Before we move on to further explorations of the human condition, there’s some old business to address.

Last week, I asked a question about things kids learned in school while growing up in other states. After a first batch of answers had been received and was already in the Slice column pipeline, I heard from several more readers on this topic.

I told a few of them that I would include their recollections in a follow-up round of answers.

Then the column production landscape changed and I moved from the Today section to the Northwest page.

But a promise is a promise.

Patty Conway shared this. “One thing I had to know as a resident of southern Nevada was we didn’t get October 31 off because it was Halloween, we got it off because it was Statehood Day.”

That’s not all.

“We also had to sing ‘Home Means Nevada.’”

Home means Nevada, home means the hills.

“OK so far.”

Home means the sage and the pines.

“What? We were surrounded by creosote bushes, not so much sagebrush and pines.”

Out by the Truckee’s silvery rills.

“Umm, the muddy Colorado was the closest river. Anyway, you get the idea. I really doubt that any kids in Washington had to know any of this stuff.”

Mike Farrell also had an answer.

“I had to memorize the kings and queens of the only state that had a monarchy: Hawaii.”

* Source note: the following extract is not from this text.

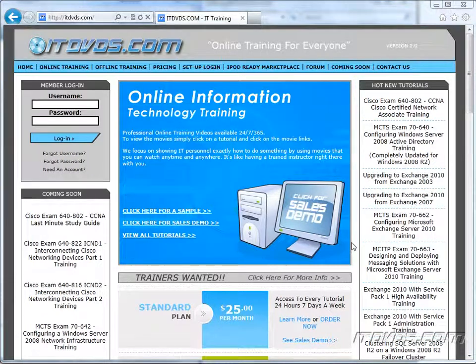Welcome to the ITDVDs.com YouTube channel. This is just a sample of the training available at ITDVDs.com. If you would like to see complete training, please go to ITDVDs.com. Now let's begin the sample.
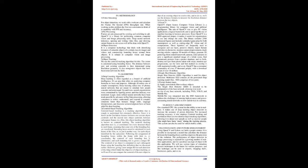Methodology. Video streaming: For object detection, we work with a webcam and calculate the frames per second (FPS) throughput rate. When working on this problem, the first two constraints to think of is capability with FPS and accuracy.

Liz Ulmen can still belt out the lyrics to a song she learned about her home state when she was a kid.

Montana, Montana,

Glory of the West

Of all the states from coast to coast,

You’re easily the best.

Montana, Montana,

Where skies are always blue

M-O-N-T-A-N-A,

Montana, I love you.

“Best sung shouting,” said Liz.

She sang that song every year from first grade to eighth grade in Big Timber, Mont.

She then went to high school at Sweet Grass County High, where the mascot was the Sheepherders.

“Baaa,” said Liz.

Closer to home, several readers recalled singing “Roll On, Columbia, Roll On” as kids growing up in Washington.

“I was in grade school here in Spokane in the 1960s, and we sang it in class,” wrote Shelley Davis. “But then again, we also sang ‘Home on the Range’ and ‘Git Along, Little Dogies.’ We were multicultural, for sure.”

I also heard from my friend Tiffiny Santos, a Spokane grade school teacher.

“ ‘Roll On Columbia’ is alive and well in Room 208 at Westview Elementary. When I sing it the first time all of my students look baffled. It is a song that just seems to need to be sung with a lot of gusto. It’s our state folk song. They usually have no idea that there are state songs, dances, et cetera.”

I think I had asked about required childhood learning in other states because I get a kick out of hearing about where others grew up. I like stories about American life. Don’t we all?

I’m convinced that if you live in Spokane long enough, sooner or later you will come across people from just about everywhere.

Sooner or later you encounter someone who sang “Git Along, Little Dogies” in grade school.

In other news, after writing Sunday about grit and tiny stones clogging the shower heads in my house (I believe I actually used the word “rocks”), I heard Monday morning from a nice guy named Bill Rickard, water quality coordinator for the city. He picked me up at the newspaper and we went up to my house for a little look-see. Stay tuned.

At the end of Monday’s column, I asked how I could thank readers for sticking with me all these years. The replies were kind and generous.

But this note from Bob Wilson of Athol, Idaho, cracked me up.

“Here is one suggestion. Publish a book with all of the reader submissions that were too raunchy to publish in the S-R. That will be thanks enough.”

Hadn’t ever considered that. But I have long wished that I had saved my angriest recorded phone messages. You know, the ones where readers were so livid I could almost feel the flecks of hot saliva as they sputtered into the phone. Trust me, playing those at a party would have been a crowd pleaser.

I guess there’s still time to start that collection. My column has moved to a new location, but I’m not going anywhere.